Data shown:
---
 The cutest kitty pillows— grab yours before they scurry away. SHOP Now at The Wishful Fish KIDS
---
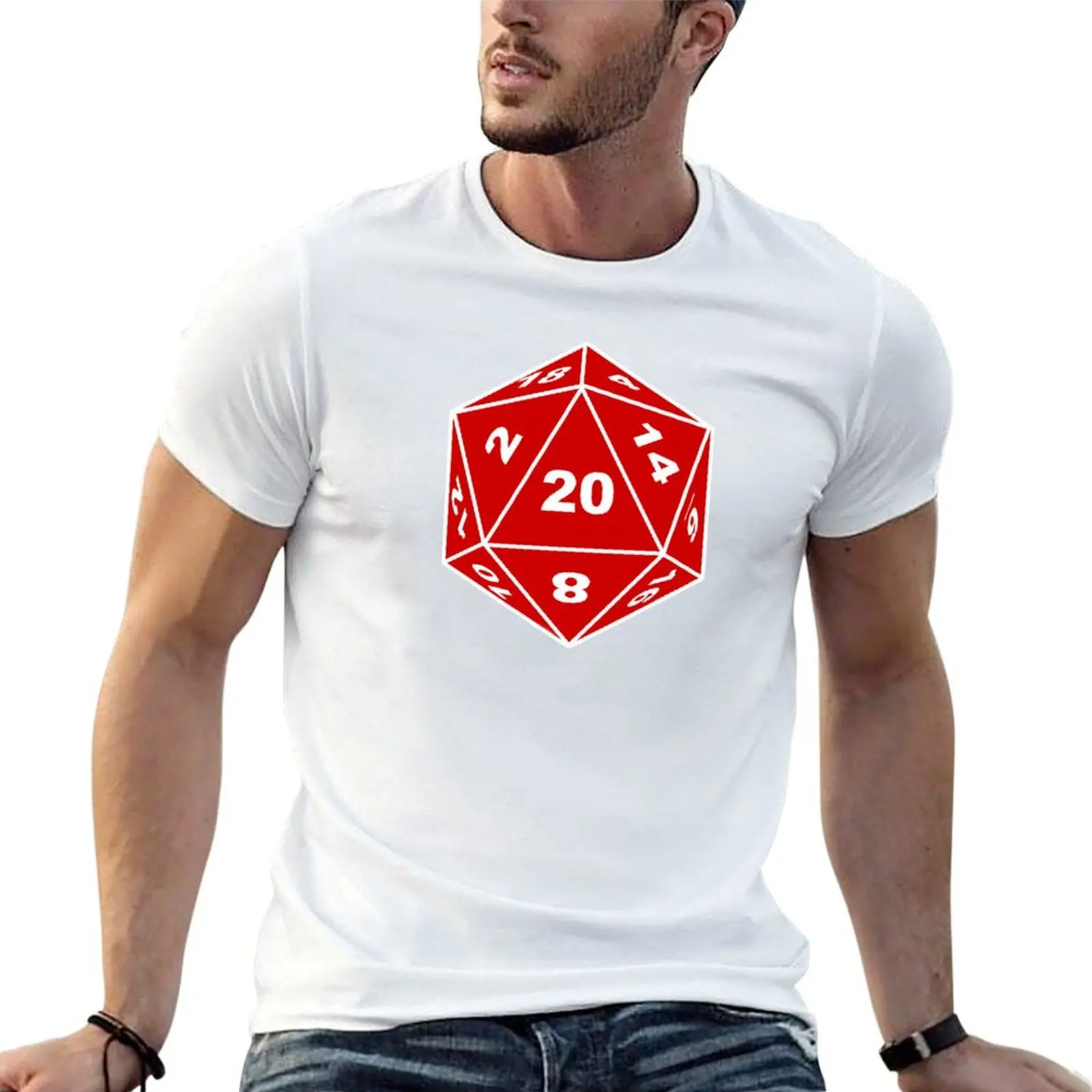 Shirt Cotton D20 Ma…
---
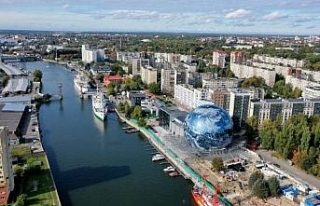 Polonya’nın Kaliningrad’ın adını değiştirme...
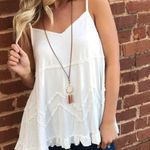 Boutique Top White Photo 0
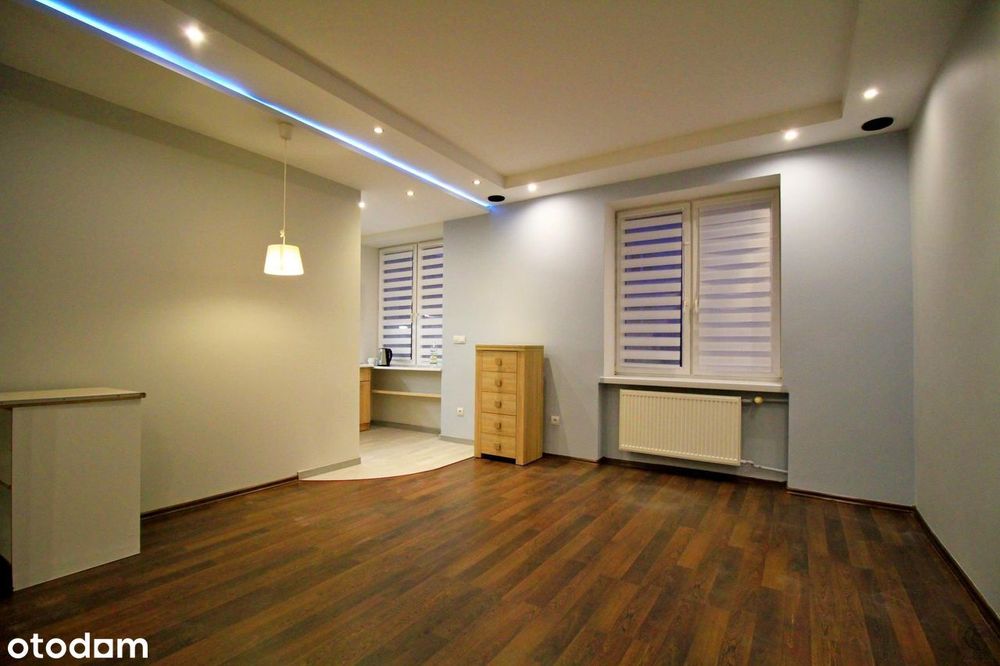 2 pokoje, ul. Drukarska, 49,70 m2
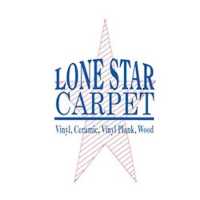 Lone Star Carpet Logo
---
Exercise directions: Give back, exactly and without pictures, the stretch of the records above from the line containing "Polonya’nın Kaliningrad’ın adını" through the line containing "Lone Star Carpet Logo", with both end lines included.

Response:
 Polonya’nın Kaliningrad’ın adını değiştirme...
 Boutique Top White Photo 0
 2 pokoje, ul. Drukarska, 49,70 m2
 Lone Star Carpet Logo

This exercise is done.